Ask yourself, honestly, if you’re working to clear that 126th icon off the vast world map because you’re having so much fun doing it, or because you feel compelled to see that magical “100 per cent completion” message pop up?
Have you become addicted, and worst of all, addicted not to fun, but to completionism?
Are you playing games because you’re having fun while playing them, or are you playing them because they’re supposed to be fun?
If you’re not sure, then there’s a test that I guarantee will give you the answer, and it comes in the form of The Legend of Zelda: Breath of the Wild, the latest entry in the 30-plus-year-old fantasy franchise by Nintendo.
Breath of the Wild (BotW) is many things, but above all, it is an exceptional amount of fun. Play it, and you will instantly realise what’s missing from so many games that dominate today’s marketplace.
BotW adopts yet subverts some of the open-world tropes that have become so stiflingly de rigueur.

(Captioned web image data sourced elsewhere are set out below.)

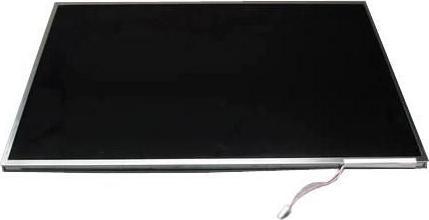 Produktbild Samsung LCD Panel Wide 15.4" SXGA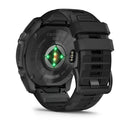 Garmin tactix® 8 – 51 mm | Solar with Applied Ballistics Ultralight™ Solver- Great Outdoors Ireland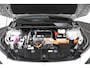 Toyota BZ4X Premium 4WD 71 kWh | Trekhaak | Apple Carplay/Android Auto | Leer | 360Camera | Stoel/Stuurverwarming |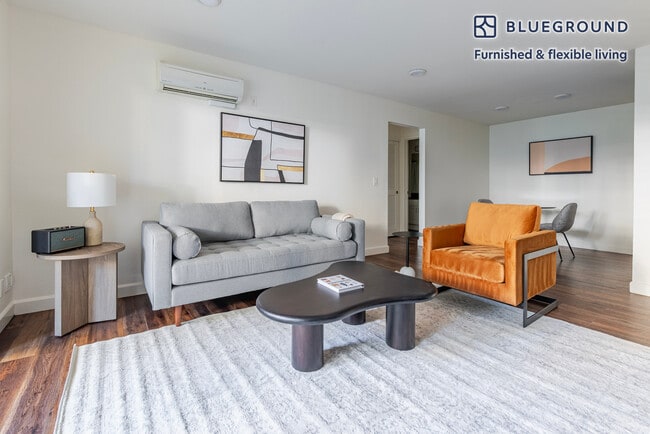 Photo - 900 Pepper Tree Ln Unit FL1-ID2046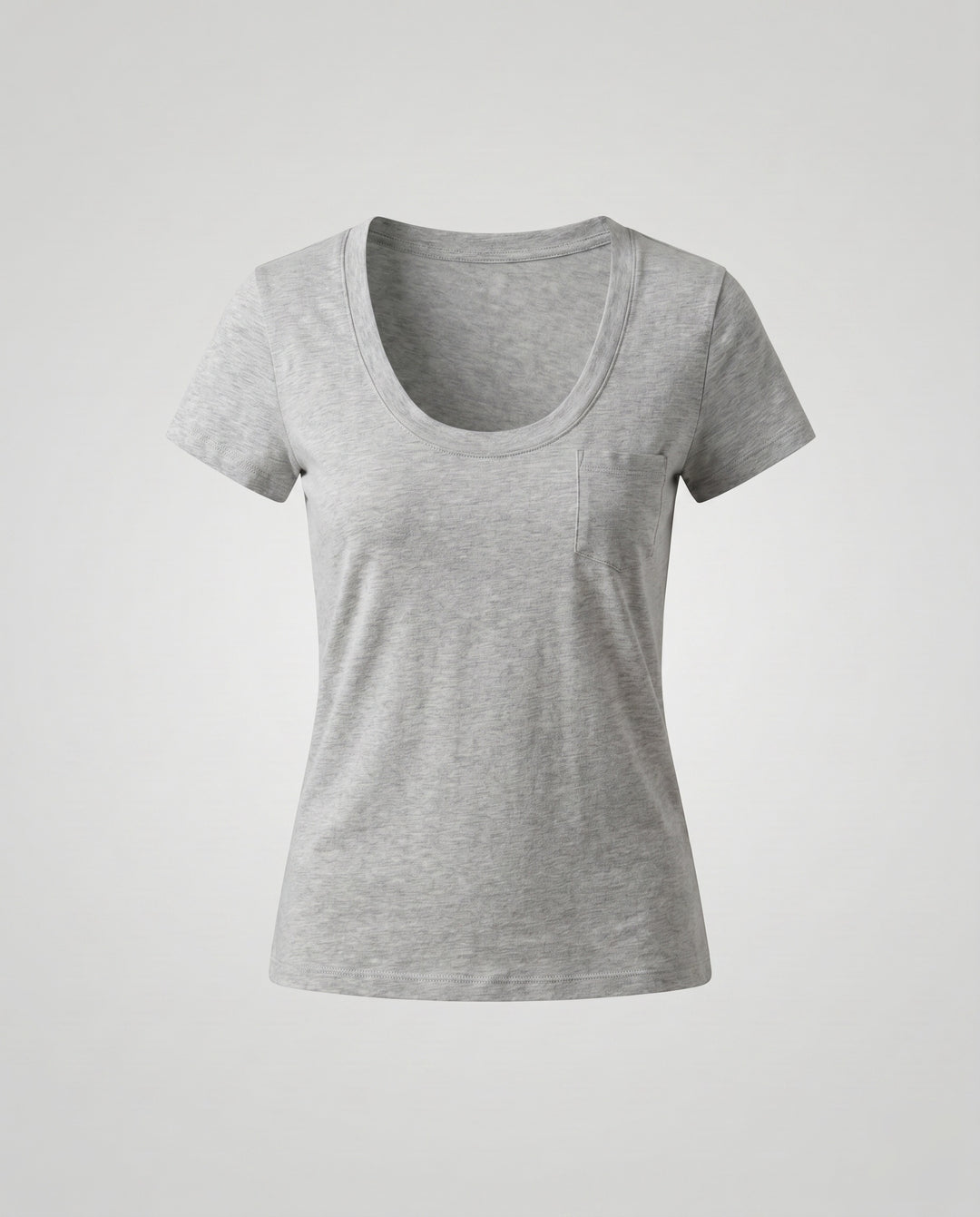 Product 15624576336202 - product_only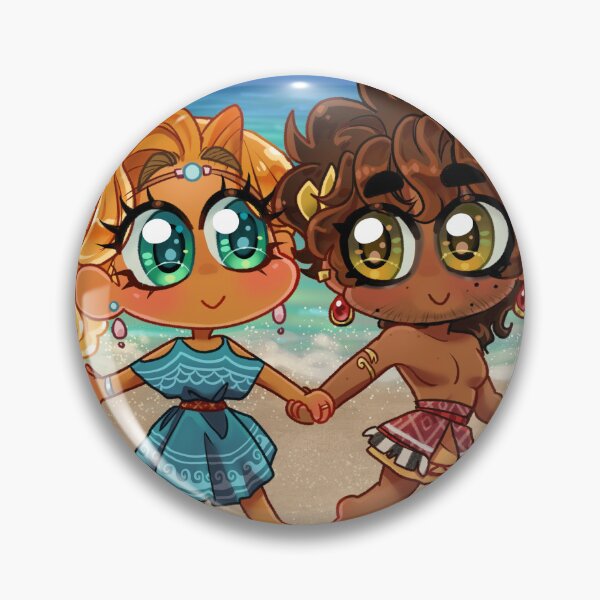 Item preview, Patrochilles: let's walk designed and sold by pupbee-paws.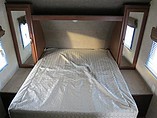2015 Forest River Salem Cruise Lite Photo #11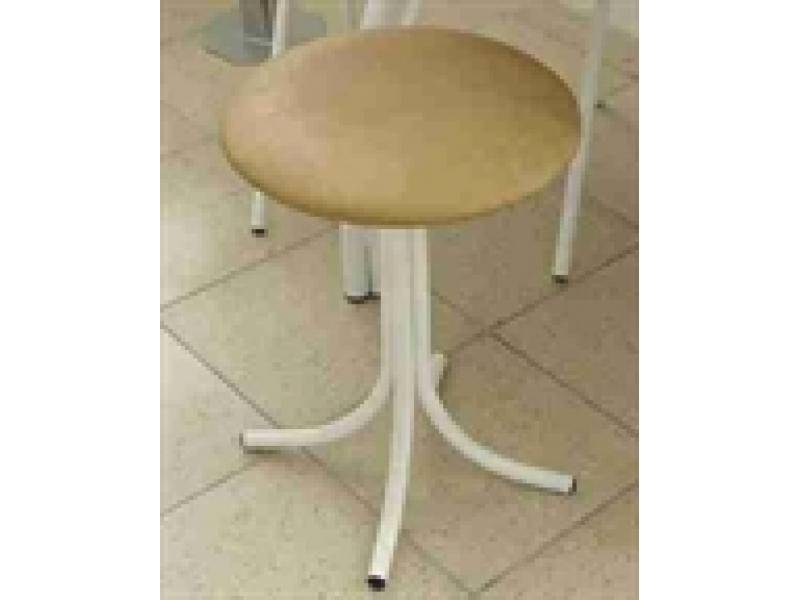 табурет т-3 в Нижневартовске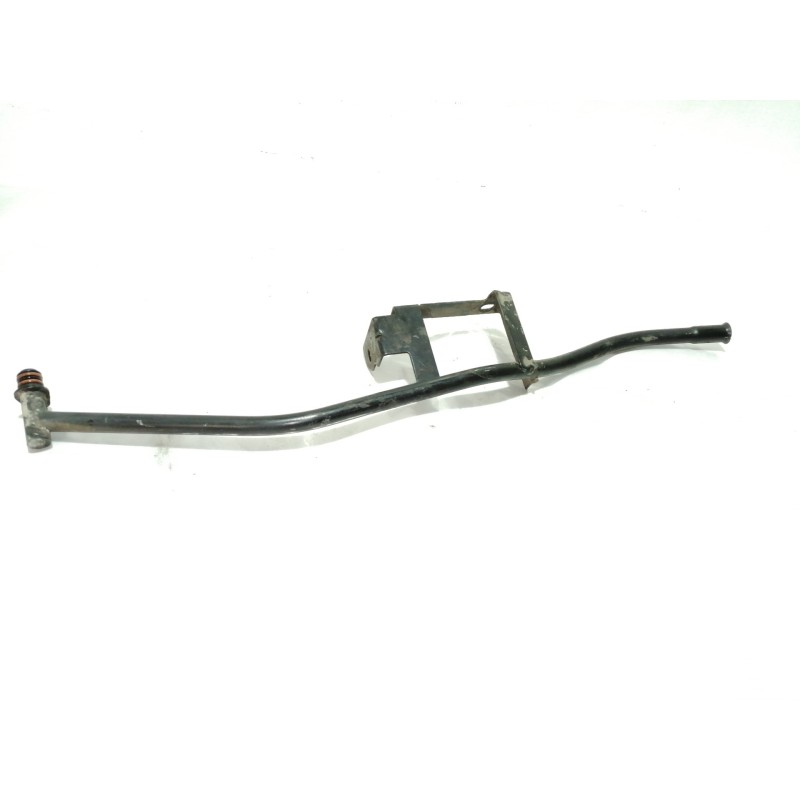 Recambio de tubo para peugeot boxer caja cerrada (rs2850)(290/330)(´02) 290 c  td referencia OEM IAM   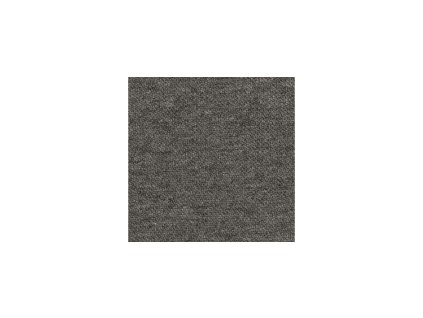 kobercové čtverce 9504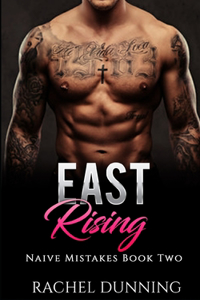 East Rising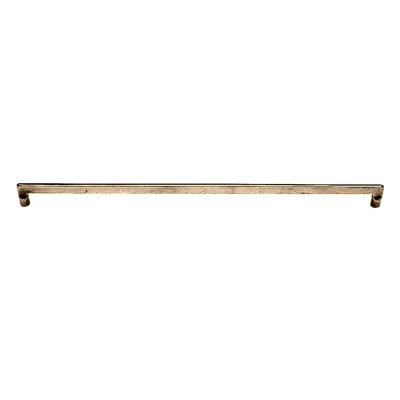 Olympus Bar / Handle Pull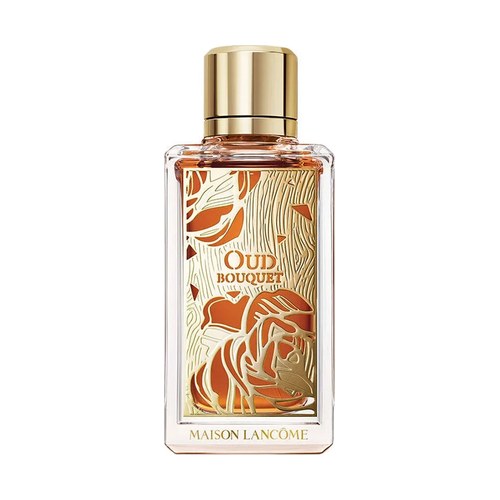 Lancome OUD BOUQUET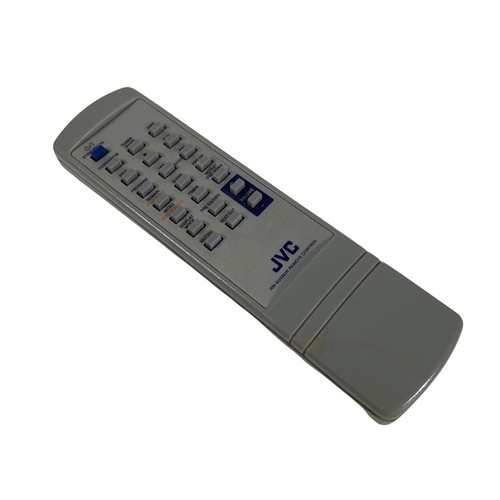 12 455 12 455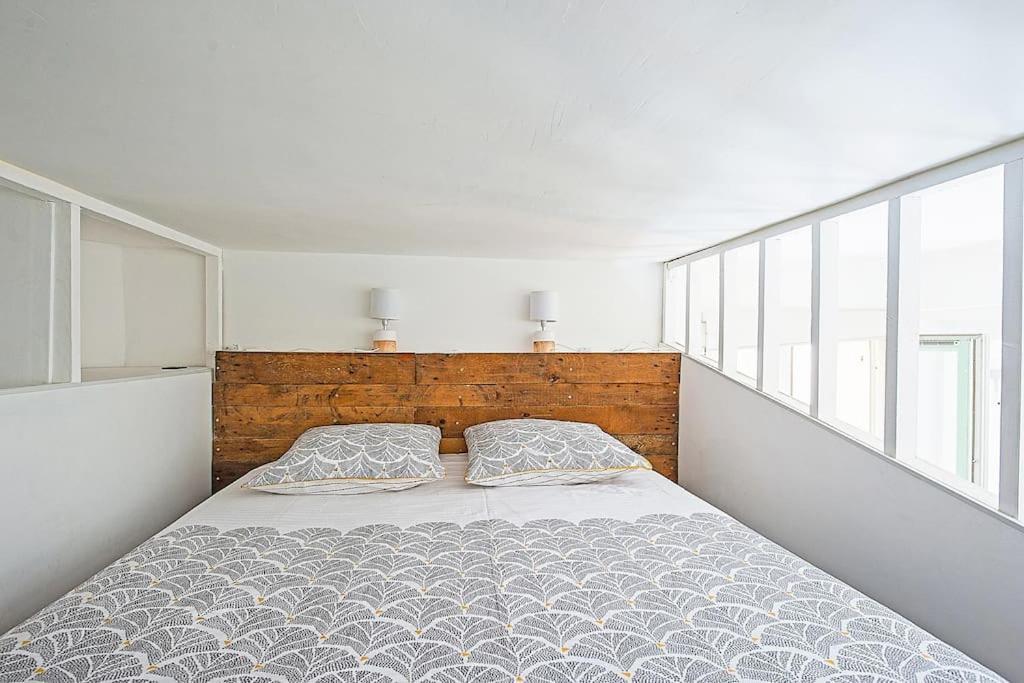 Cosy Studio - Best Location Nice Ngoại thất bức ảnh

Yes, there’s a vast, vast map to explore, but instead of some procedurally generated, soulless expanse, this is a lovingly, meticulously built hand-crafted world.
There’s crafting and cooking, but it’s always in service of the utterly unfettered exploration that lies at the heart of the game, instead of being tacked on to tick some boxes on the “how to build a modern best-selling-game” checklist.
There are side quests and the ability to enhance the health and stamina of Link, the player character, but even that is optional, existing only as a means to enable you to be better prepared to take on the exploration and combat opportunities this world offers.
If you so choose, you could run straight to the final “boss battle”, but why would you do that when there are so many wonders to explore?
This game doesn’t hold your hand like other supposedly open-world games that only give you the illusion of freedom while in effect forcing you to take on the world in an order and manner determined by the game’s creators.
BotW doesn’t do that, it doesn’t need to do that, because it knows how much fun it is, and so it has the confidence to leave your to your own devices.
There’s so much more that can be said about BotW. It’s already one of the most critically acclaimed games of all time, holding a 97 per cent rating on metacritic, and receiving perfect scores from some of the most highly regarded reviewers out there.
I could give you a 100 reasons why it’s a masterpiece, an instant classic and a true game-changer. But the only real reason you need to go and play it as soon as possible is that it’s fun, real fun, and a reminder of why we play games in the first place.